Jerajian, who is no longer a student, has acted as a “consultant” since his resignation from presidency in February.
ASFA’s VP Social, who was also implicated in the harassment, resigned on April 8 for “personal health reasons.” Council did not pass any motions against him. Many called the resignation “convenient.”
Mandatory sensitivity training on “race, gender and other rights issues” will be given to ASFA leaders at the beginning of a student’s mandate or service. This includes council, all member association executives, Frosh leaders and any other students who have positions of leadership.
In the motion to dismiss Jerajian, it also states that the ASFA judicial committee examine his mandate as president to send advice to council on whether to award honoraria and bonuses. The committee is unknown to council to maintain impartiality.
An original dismissal motion called for an investigation of the sexual harassment allegations and a verdict on awarding honoraria and bonuses.
Debate took place on whether Jerajian’s mandate or the offences should be examined.
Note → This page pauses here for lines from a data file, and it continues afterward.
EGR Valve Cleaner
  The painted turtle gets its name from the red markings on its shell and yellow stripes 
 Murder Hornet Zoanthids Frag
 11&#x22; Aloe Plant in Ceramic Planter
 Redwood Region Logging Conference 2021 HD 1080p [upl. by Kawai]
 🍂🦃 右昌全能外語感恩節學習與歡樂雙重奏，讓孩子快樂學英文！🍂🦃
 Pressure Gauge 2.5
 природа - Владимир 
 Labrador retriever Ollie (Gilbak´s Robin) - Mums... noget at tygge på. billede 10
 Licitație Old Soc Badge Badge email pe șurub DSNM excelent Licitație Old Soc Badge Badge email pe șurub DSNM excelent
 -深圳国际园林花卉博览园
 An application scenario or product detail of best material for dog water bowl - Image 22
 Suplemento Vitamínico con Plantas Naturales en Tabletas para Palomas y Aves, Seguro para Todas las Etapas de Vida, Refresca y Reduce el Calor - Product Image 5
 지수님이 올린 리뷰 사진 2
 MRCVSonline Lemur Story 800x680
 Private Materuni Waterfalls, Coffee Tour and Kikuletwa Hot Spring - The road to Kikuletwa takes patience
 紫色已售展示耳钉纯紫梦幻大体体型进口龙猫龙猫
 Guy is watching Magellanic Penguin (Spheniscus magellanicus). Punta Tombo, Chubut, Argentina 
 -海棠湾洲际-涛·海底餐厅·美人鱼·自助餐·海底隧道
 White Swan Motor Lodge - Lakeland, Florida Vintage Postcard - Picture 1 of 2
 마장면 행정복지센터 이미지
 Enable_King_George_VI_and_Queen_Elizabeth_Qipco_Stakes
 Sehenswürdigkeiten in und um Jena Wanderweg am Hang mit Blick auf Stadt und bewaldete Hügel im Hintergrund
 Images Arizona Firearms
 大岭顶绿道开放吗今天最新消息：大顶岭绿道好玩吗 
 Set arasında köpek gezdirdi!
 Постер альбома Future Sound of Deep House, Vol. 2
James Tyler Vaccaro, an independent councillor, told council that the judicial committee could not decide a verdict for sexual harassment allegations.
In Annex E of ASFA’s bylaws, section six states that the committee is deemed “juristically incompetent” to rule on a matter of a serious violation of the Canadian or Quebec Charter.
Last semester, ASFA failed to organize consent workshops with the Centre for Gender Advocacy for Frosh orientation. That is reason enough to dismiss and not remunerate Jerajian, according to Urban Planning Association councillor Mariah Gillis.
“A year and a half is not a reasonable amount of time to plan a workshop,” she said. “It’s the most obvious problem that you really can’t argue with. It’s a shame that we did get caught up in semantics.”
“A year and a half is not a reasonable amount of time to plan a workshop,” — Mariah Gillis, Urban Planning Association councillor
Failed Quorum for General Elections
Approximately 300 members of the 16,000 arts and sciences student population voted this week at ASFA elections. According to Chief Electoral Officer Andréa V. Fernandes the elections failed to meet the minimum required, which is 427 voters.
She said late planning, the reports from last week and spoiled ballots didn’t help the cause. She recommended to council that they appoint the winners based on an interim basis until the Fall’s by-election. No decision was made last night.
Based on the votes cast, the referendum question asking for a $0.38 fee levy increase would not have passed, with 139 votes against and 109 in favour.